I want to use pandas
rolling
function to compare weather the first element is smaller than the second one. I think the following codes should work:
import numpy as np
import pandas as pd
df = pd.DataFrame(data=np.random.randint(0,10,10), columns=['temperature'])
df.rolling(window=2).apply(lambda x: x[0] < x[1])
but it does not work. Instead, I got an error message:
ValueError: 0 is not in range
Does anyone know what caused the issue?
Update:
I know I can use the diff
function, but what I really want to do is something like this
df.rolling(window=3).apply(lambda x: x[0] < x[1] < x[2])
CodePudding user response:
IIUC, what you want to achieve if determining if the temperature is greater that the previous one?
You could use diff
:
df['temperature'].diff().gt(0)
To check consecutive increases:
N = 3 # 3 consecutive values are increasing (= 2 increases)
df['increases2'] = df['temperature'].diff().gt(0).rolling(N-1).sum().eq(N-1)
example:
>>> df['increases'] = df['temperature'].diff().gt(0)
>>> df['increases2'] = df['temperature'].diff().gt(0).rolling(N-1).sum().eq(N-1)
temperature increases increases2
0 7 False False
1 7 False False
2 9 True False
3 1 False False
4 7 True False
5 0 False False
6 6 True False
7 9 True True
8 9 False False
9 7 False False
CodePudding user response:
Replacing the x[n] with x.iloc[n] should work (using positional indexing)
import numpy as np
import pandas as pd
df = pd.DataFrame(data=np.random.randint(0,10,10), columns=['temperature'])
df['increasing'] = df.rolling(window=2).apply(lambda x: x.iloc[0] < x.iloc[1])
temperature increasing
0 8 NaN
1 9 1.0
2 0 0.0
3 3 1.0
4 8 1.0
5 7 0.0
6 7 0.0
7 8 1.0
8 7 0.0
9 6 0.0
Why?:
The value of 'x' in your lambda function looks something like this:
first iteration:
index temperature
0 8
1 9
second iteration:
index temperature
1 9
2 0
third iteration:
index temperature
2 0
3 3
The first iteration works because the index 0 and 1 are available (so x[0] < x[1]
works fine). However, in the second iteration, the index 0 isn't available and x[0] fails with your ValueError.

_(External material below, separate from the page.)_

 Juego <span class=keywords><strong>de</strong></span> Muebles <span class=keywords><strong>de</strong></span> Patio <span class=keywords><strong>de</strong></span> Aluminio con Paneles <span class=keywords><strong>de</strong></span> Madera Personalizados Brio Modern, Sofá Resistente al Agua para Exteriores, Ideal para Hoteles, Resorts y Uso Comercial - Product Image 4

My solution uses positional indexing (with .iloc) and ignores those index values (see https://pandas.pydata.org/docs/user_guide/indexing.html).
This is also why your code works fine with two rows e.g.
df = pd.DataFrame(data=np.random.randint(0,10,2), columns=['temperature'])
df.rolling(window=2).apply(lambda x: x[0] < x[1])